PutElasticsearchJson

PutElasticsearchJson 2.4.0

Bundle: org.apache.nifi | nifi-elasticsearch-restapi-nar
Description: An Elasticsearch put processor that uses the official Elastic REST client libraries. Each FlowFile is treated as a document to be sent to the Elasticsearch _bulk API. Multiple FlowFiles can be batched together into each Request sent to Elasticsearch.
Tags: elasticsearch, elasticsearch5, elasticsearch6, elasticsearch7, elasticsearch8, index, json, put
Input Requirement: REQUIRED
Supports Sensitive Dynamic Properties: false

Additional Details for PutElasticsearchJson 2.4.0
PutElasticsearchJson

This processor is for accessing the Elasticsearch Bulk API. It provides the ability to configure bulk operations on a per-FlowFile basis, which is what separates it from PutElasticsearchRecord.

As part of the Elasticsearch REST API bundle, it uses a controller service to manage connection information and that controller service is built on top of the official Elasticsearch client APIs. That provides features such as automatic master detection against the cluster which is missing in the other bundles.

This processor builds one Elasticsearch Bulk API body per (batch of) FlowFiles.
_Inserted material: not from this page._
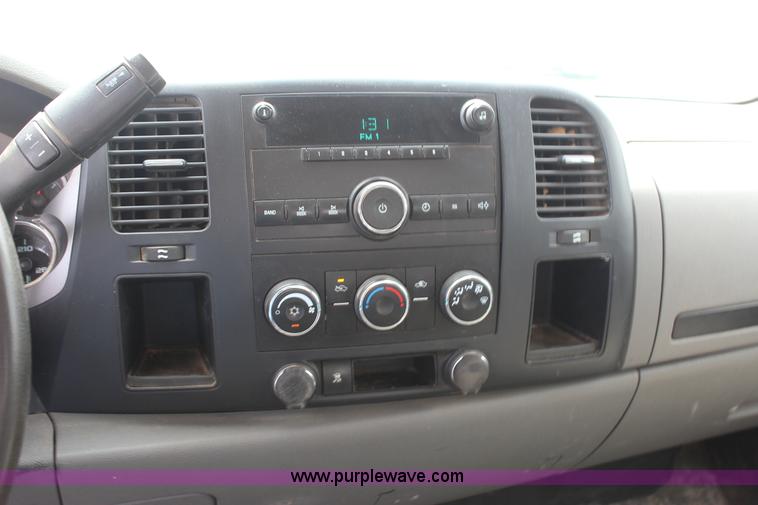 image for item J4426 2009 GMC Sierra 2500HD Ext. Cab pickup truck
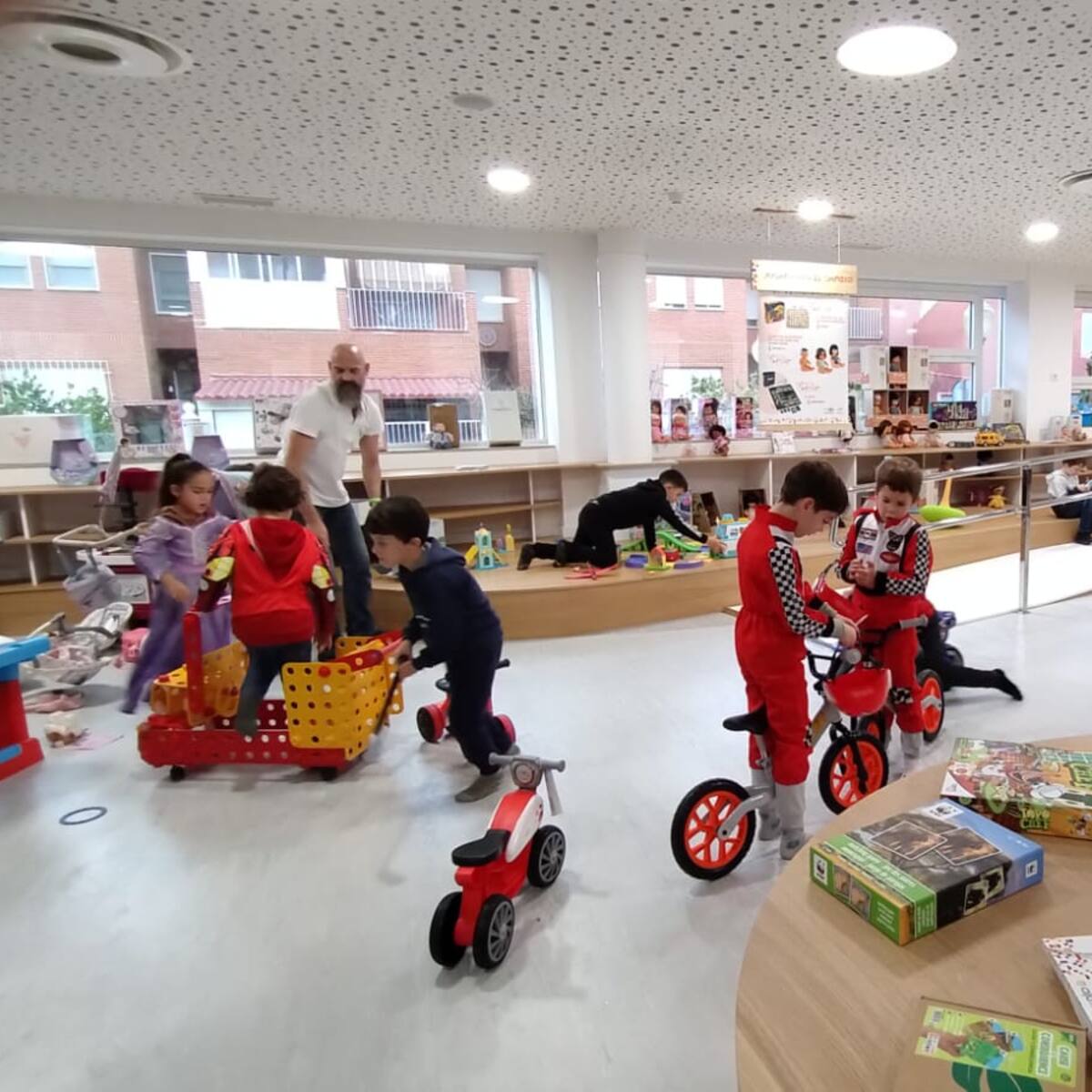 El instituto del juguete de Ibi advierte del riesgo en la infancia del ocio sedentario de las pantallas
Care should be taken to batch FlowFiles into appropriately-sized chunks so that NiFi does not run out of memory and the requests sent to Elasticsearch are not too large for it to handle. When failures do occur, this processor is capable of attempting to route the FlowFiles that failed to an errors queue so that only failed FlowFiles can be processed downstream or replayed.

The index, operation and (optional) type fields are configured with default values. The ID (optional unless the operation is “index”) can be set as an attribute on the FlowFile(s).

Dynamic Templates

Index and Create operations can use Dynamic Templates. The Dynamic Templates property must be parsable as a JSON object.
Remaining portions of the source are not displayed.